INSTRUCTIONS FOR THE TASK: Pictures don't belong in the copy; print all the records exactly.

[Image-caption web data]
——————

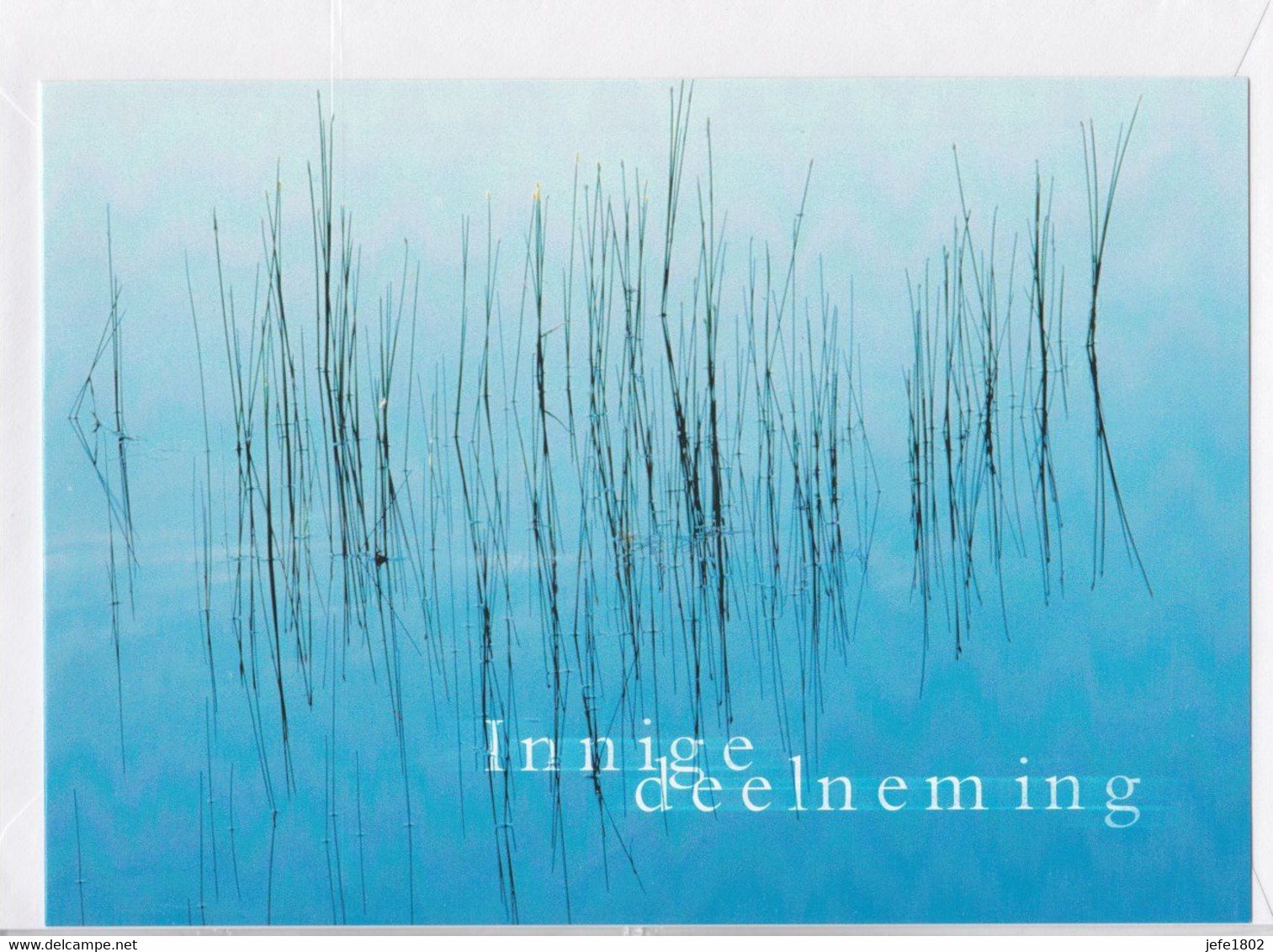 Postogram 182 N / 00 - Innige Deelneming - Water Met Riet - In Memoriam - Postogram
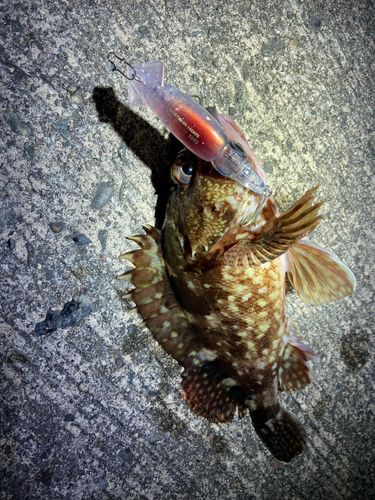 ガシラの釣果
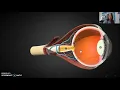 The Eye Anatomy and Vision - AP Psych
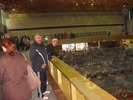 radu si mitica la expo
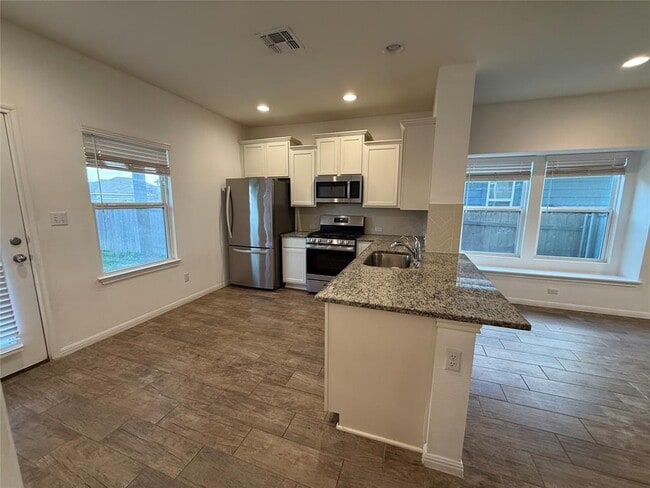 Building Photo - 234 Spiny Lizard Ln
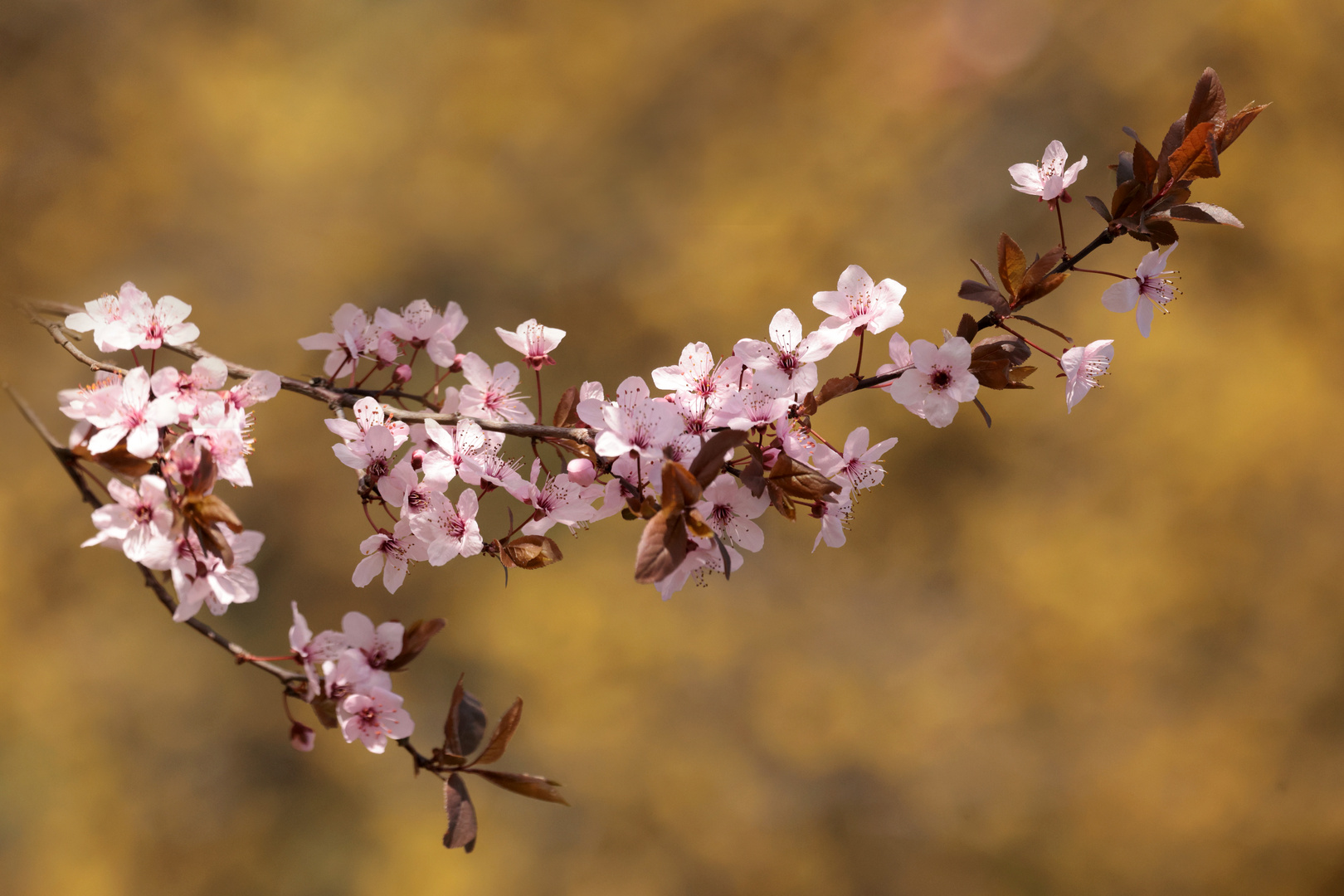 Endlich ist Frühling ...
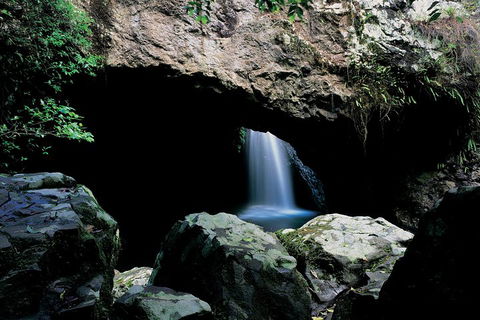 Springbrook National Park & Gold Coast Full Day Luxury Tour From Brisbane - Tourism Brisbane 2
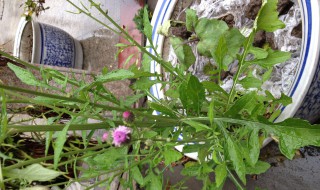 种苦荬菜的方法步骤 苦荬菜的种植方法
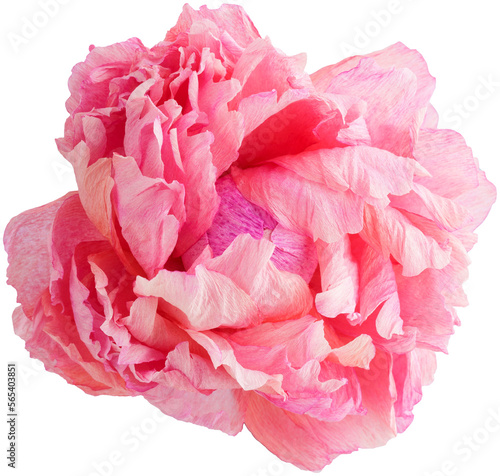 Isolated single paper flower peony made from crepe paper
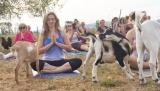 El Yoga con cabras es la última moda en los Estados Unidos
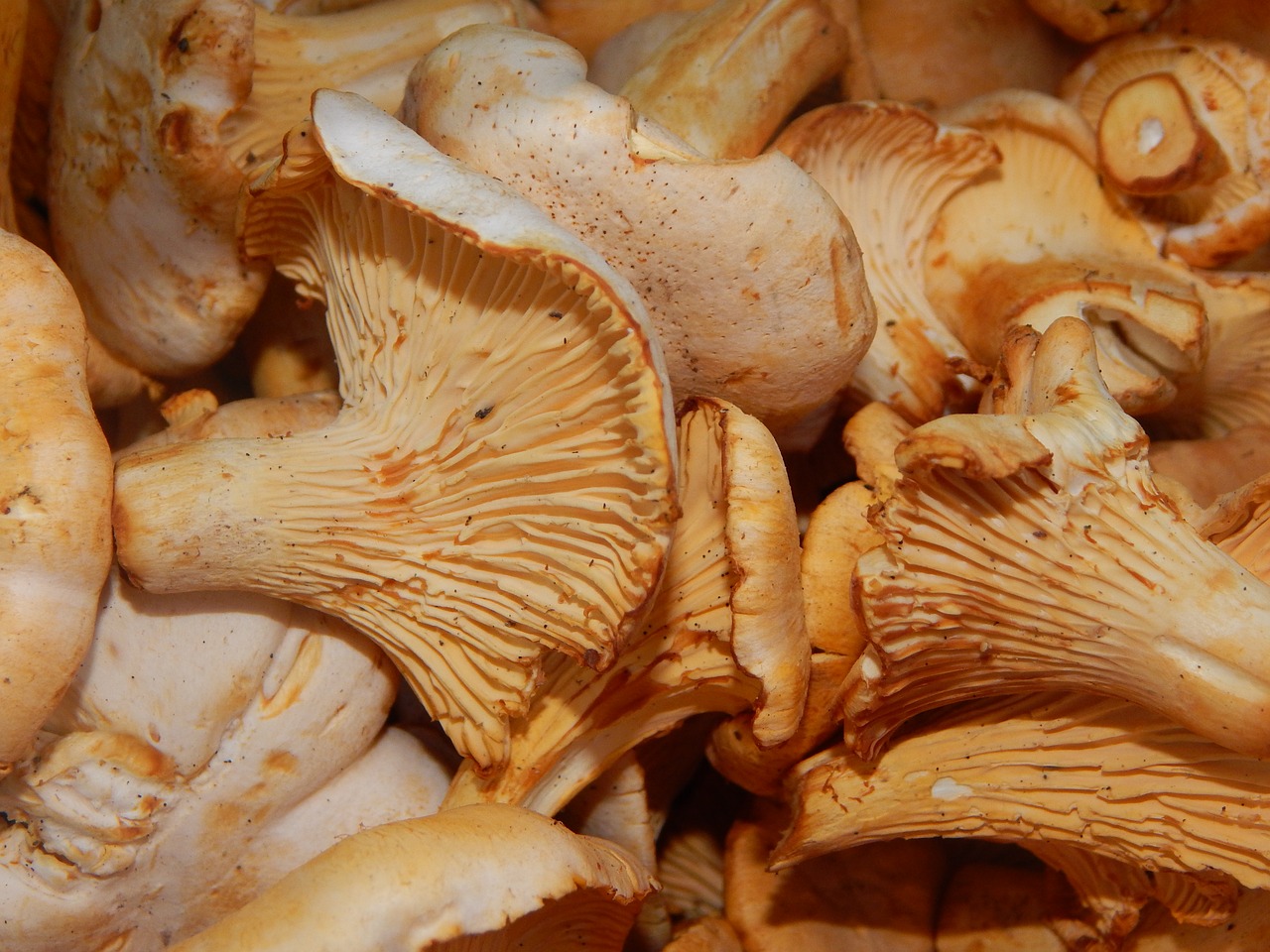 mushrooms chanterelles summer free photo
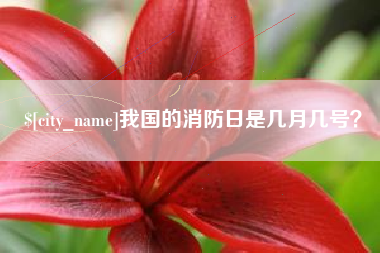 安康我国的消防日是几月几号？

——————

RESPONSE TO THE TASK:
 Postogram 182 N / 00 - Innige Deelneming - Water Met Riet - In Memoriam - Postogram
 ガシラの釣果
 The Eye Anatomy and Vision - AP Psych
 radu si mitica la expo
 Building Photo - 234 Spiny Lizard Ln
 Endlich ist Frühling ...
 Springbrook National Park & Gold Coast Full Day Luxury Tour From Brisbane - Tourism Brisbane 2
 种苦荬菜的方法步骤 苦荬菜的种植方法
 Isolated single paper flower peony made from crepe paper
 El Yoga con cabras es la última moda en los Estados Unidos
 mushrooms chanterelles summer free photo
 安康我国的消防日是几月几号？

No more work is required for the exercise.